(Dataset extract Opens)

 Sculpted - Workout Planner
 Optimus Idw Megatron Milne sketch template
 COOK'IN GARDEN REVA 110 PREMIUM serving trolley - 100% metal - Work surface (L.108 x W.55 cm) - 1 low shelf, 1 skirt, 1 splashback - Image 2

(Dataset extract Closes)

## What is being asked
Your task is to transcribe the line containing "Optimus Idw Megatron Milne sketch template" and every line after it, through the last line of the data, exactly as written and with nothing more.

## Result of the task
 Optimus Idw Megatron Milne sketch template
 COOK'IN GARDEN REVA 110 PREMIUM serving trolley - 100% metal - Work surface (L.108 x W.55 cm) - 1 low shelf, 1 skirt, 1 splashback - Image 2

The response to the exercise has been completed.